Additionally, Mr. Ringo should request that rags be delivered once a week instead of once a month. This would cut down tremendously on the amount of unprocessed rags and free up money to use elsewhere.
B. Compressing Unprocessed Rags
If Ringo is unable to reduce the quantity of processed rags by implementing a just in time inventory system, they should compress the processed rags in plastic instead of using cardboard boxes. The compressed plastic containers will free up additional space and save Ringo in storage expenses.
C. Change the Production Order and Eliminate the Grading Process
If Ringo continues to manufacture junk rags, Ringo should change its manufacturing process. First, Ringo should cut the rags into the appropriate size squares before they wash and dry the rags. This will ensure they are not wasting hours washing, drying, and grading materials that is going to ultimately be thrown away due to the loss factor that occurs during the cutting process. By changing the manufacturing process, Ringo would reduce its inventory, increased storage space, eliminate the unnecessary expense of washing rags that are burned, and increase profits.
Additionally, if Ringo choose to change its production order and continue purchasing junk rags, it could increase profits by eliminating the grading process. This option would require that Ringo sell all of the rags it purchases from junk dealers and laundries as Grade C and wold save 193.60 a month by eliminating all grading costs. (See Exhibit D and F).
Exhibit 1 Assumptions
The 5 women labor hours: We are assuming for all calculations that those hours are per year.
Adjustments to Supplier: We are assuming that the suppliers will be able to meet any of our demands for raw materials.
Unaccounted wages: We are assuming that the partners and their wives are not taking wages for our profit calculations.
No Potential Bottlenecks: We are assuming that there is no bottleneck in the system. With all of the information on washing and drying the current mix of suppliers does not constrain washing and drying or the system as a whole.
Sales and production Numbers: Because sale numbers “closely follow production numbers with only minor fluctuations,” we are assuming that the normal sales volume for grades A, B, and C are 50,000; 50,000; and 25,000 respectively.
Scrap and Grade Percentages: We are assuming that the percentages given for scrapped material from each dealer and absorption quality (A,B,C) from each dealer is accurate and doesn’t change.

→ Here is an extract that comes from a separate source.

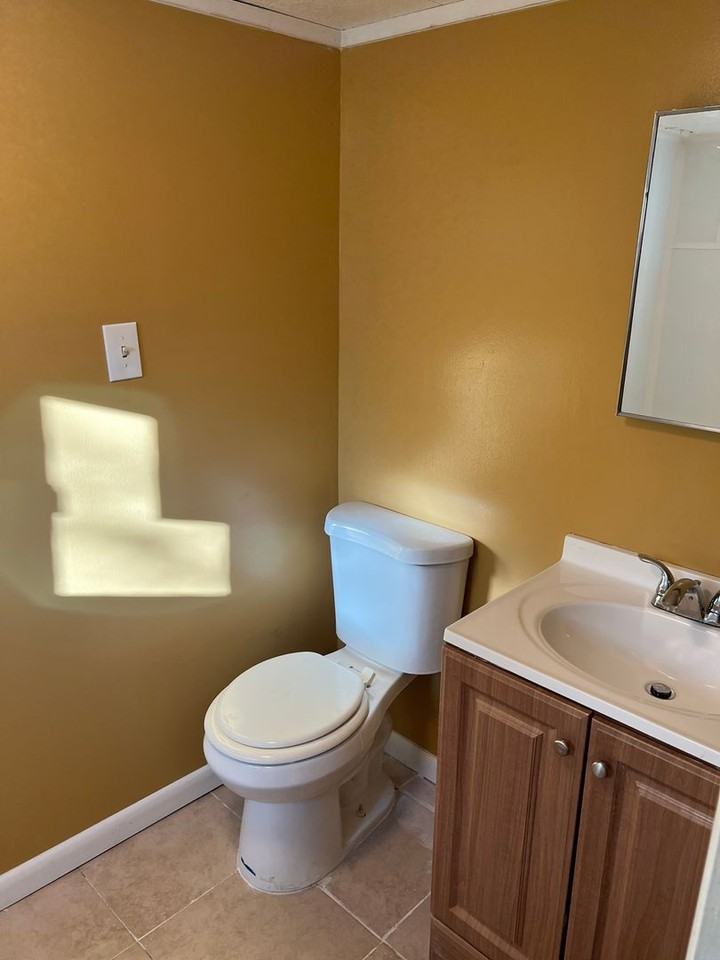 2011 Albany St - Photo 4 of 15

Smaller Batch Deliveries: We are assuming that they receive all of the rags in one shipment at the beginning of the month ( 200,000lbs at beginning of process is approximately equal to sum of all suppliers; 43,750+25,000+6,250+60,000 +50,000). We are also assuming that 200,000lbs is an average meaning that they have an excess of unprocessed rags in their raw material inventory. We are assuming that he also holds onto rags for the whole month, because if ¼ of the warehouse was used to store 200,000 unprocessed rags, then ¼ of the warehouse can also hold 200,000 processed rags.
1. The Ringo Company is a partnership that is operating without a partnership agreement. Accordingly, the partners split the profits of Ringo Rag 50/50 instead of drawing a salary.
2. The $2,400 spent on the half-time bookkeepers is the amount paid to the wives for their secretarial duties.